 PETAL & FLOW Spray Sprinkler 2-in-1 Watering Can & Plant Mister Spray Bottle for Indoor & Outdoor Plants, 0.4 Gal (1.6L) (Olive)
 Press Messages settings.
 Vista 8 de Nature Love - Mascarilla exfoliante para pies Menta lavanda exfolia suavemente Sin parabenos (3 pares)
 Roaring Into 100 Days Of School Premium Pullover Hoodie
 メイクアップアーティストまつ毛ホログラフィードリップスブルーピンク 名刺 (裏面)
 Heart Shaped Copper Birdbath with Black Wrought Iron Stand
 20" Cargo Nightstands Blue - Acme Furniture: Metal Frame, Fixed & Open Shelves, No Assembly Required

○ ○ ○ ○ ○ ○ ○

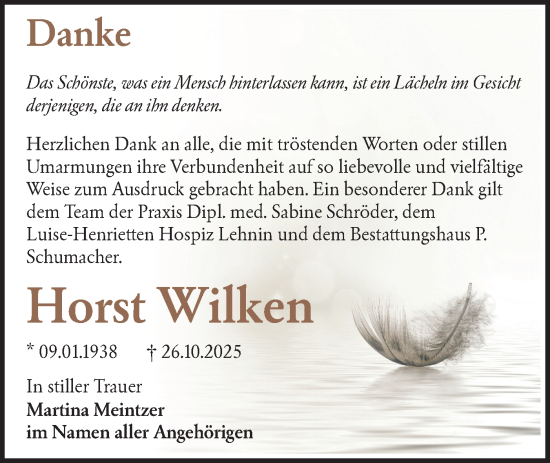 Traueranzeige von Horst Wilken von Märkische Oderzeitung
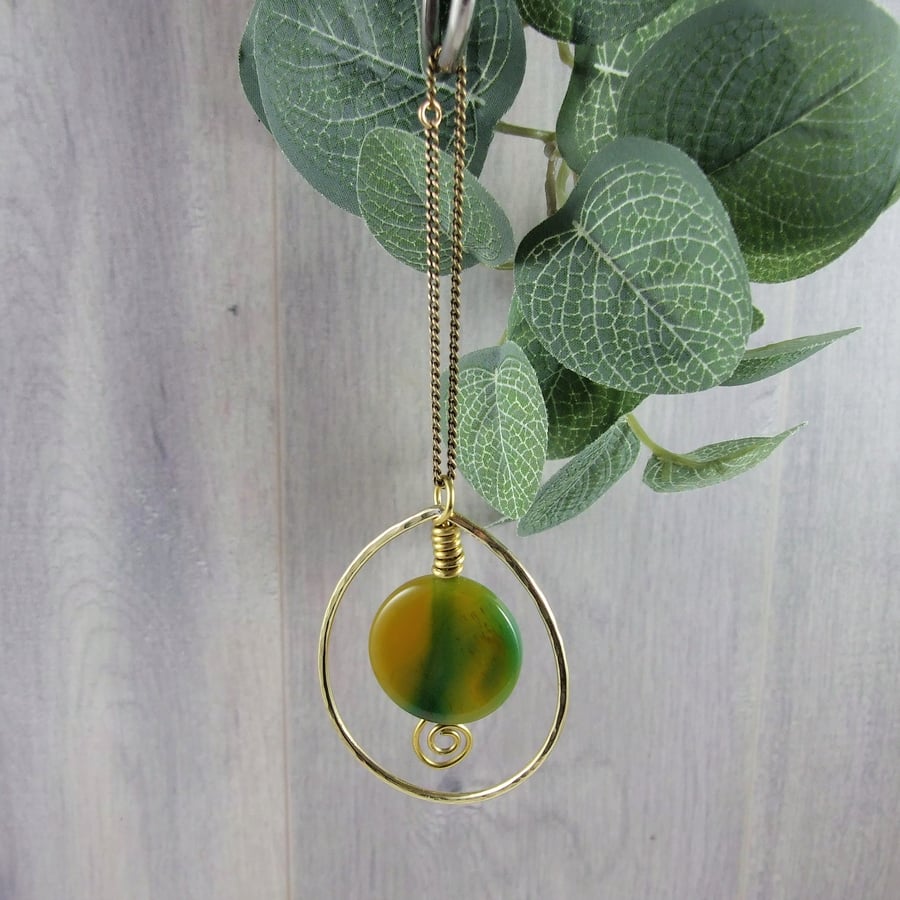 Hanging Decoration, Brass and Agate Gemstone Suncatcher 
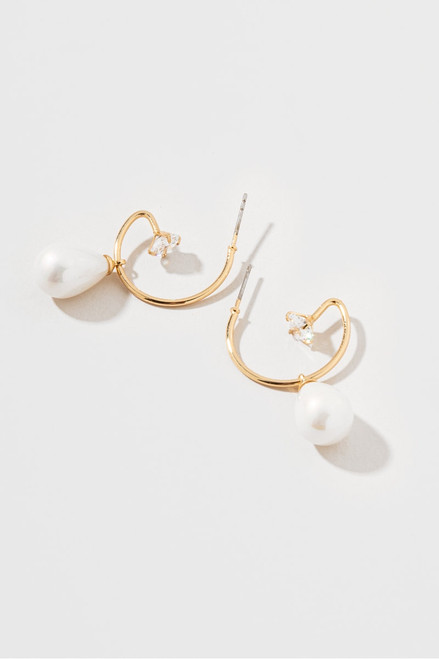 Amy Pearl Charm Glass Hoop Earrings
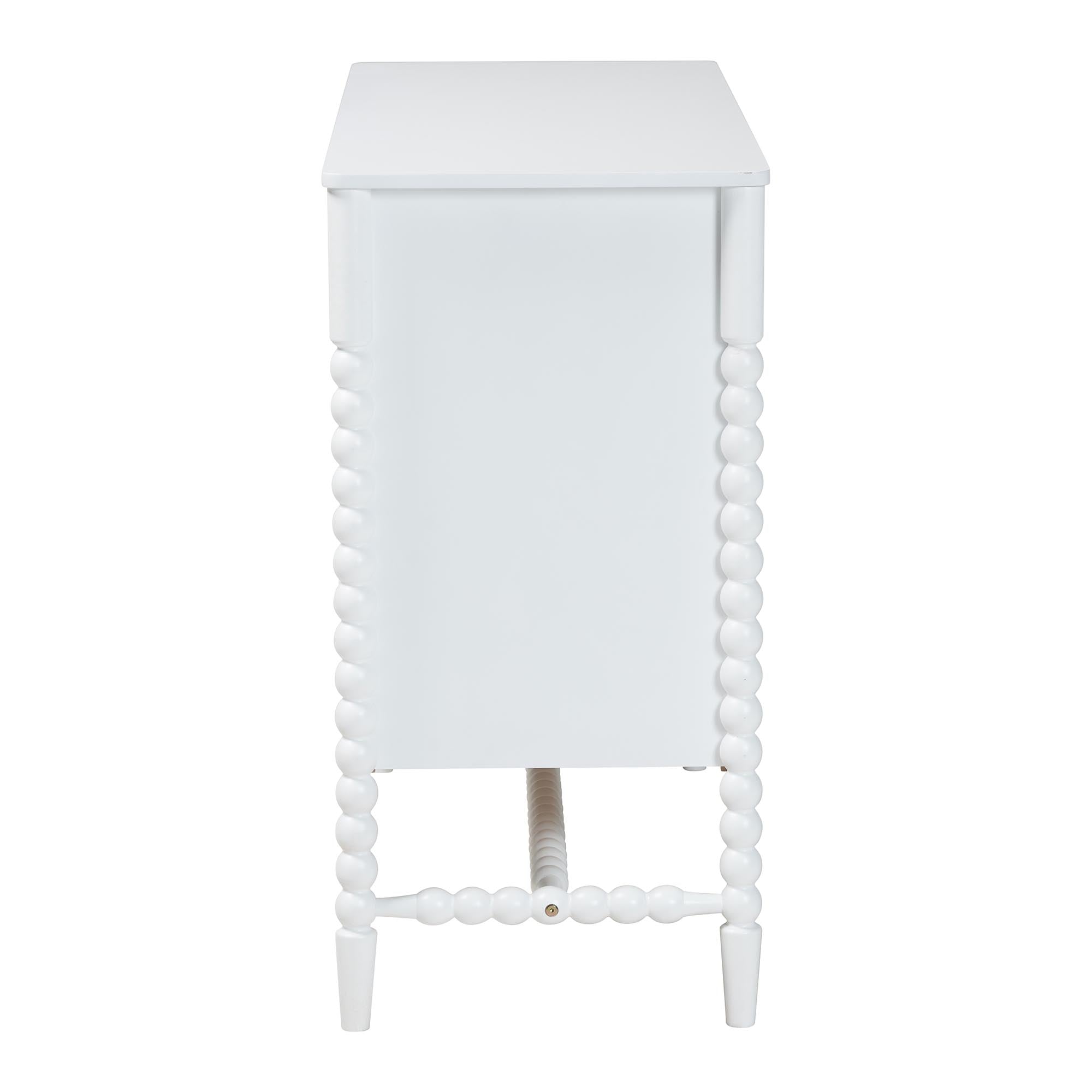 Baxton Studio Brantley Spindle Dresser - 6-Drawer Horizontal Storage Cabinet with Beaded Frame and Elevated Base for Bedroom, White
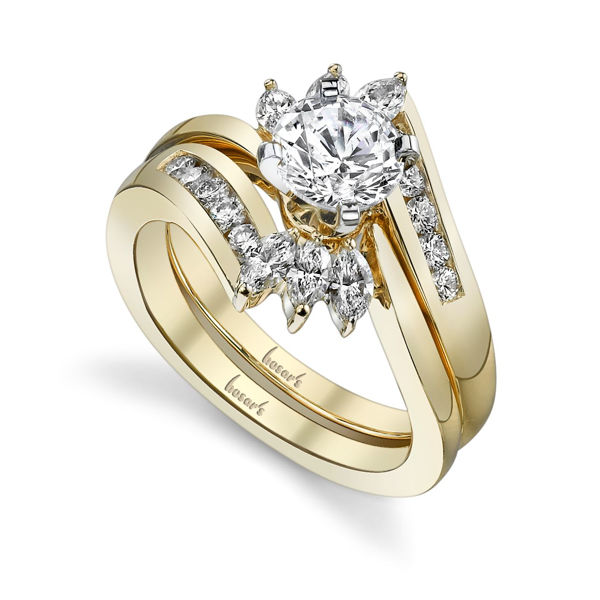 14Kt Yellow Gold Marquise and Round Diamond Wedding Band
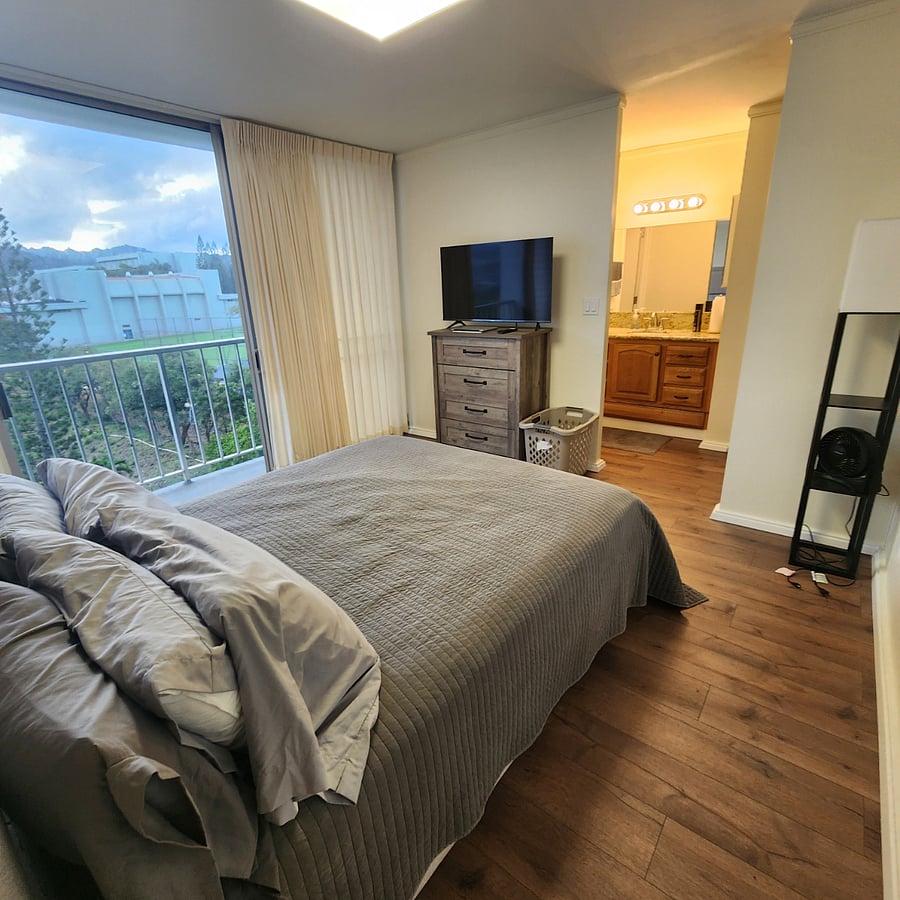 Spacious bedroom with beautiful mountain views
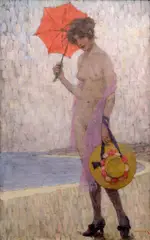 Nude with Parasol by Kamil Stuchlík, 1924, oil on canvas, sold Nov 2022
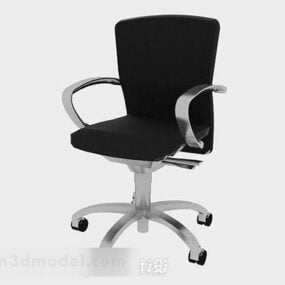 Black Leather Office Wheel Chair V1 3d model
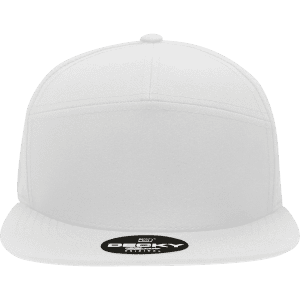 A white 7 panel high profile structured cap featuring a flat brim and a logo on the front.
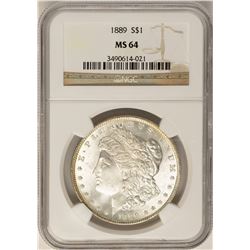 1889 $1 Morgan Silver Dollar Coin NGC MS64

○ ○ ○ ○ ○ ○ ○

When you reach the line with "Traueranzeige von Horst" in the records above, begin repeating the lines exactly, and stop after the line with "Black Leather Office Wheel Chair V1 3d model". Skip all pictures.

## Written answer
 Traueranzeige von Horst Wilken von Märkische Oderzeitung
 Hanging Decoration, Brass and Agate Gemstone Suncatcher 
 Amy Pearl Charm Glass Hoop Earrings
 Baxton Studio Brantley Spindle Dresser - 6-Drawer Horizontal Storage Cabinet with Beaded Frame and Elevated Base for Bedroom, White
 14Kt Yellow Gold Marquise and Round Diamond Wedding Band
 Spacious bedroom with beautiful mountain views
 Nude with Parasol by Kamil Stuchlík, 1924, oil on canvas, sold Nov 2022
 Black Leather Office Wheel Chair V1 3d model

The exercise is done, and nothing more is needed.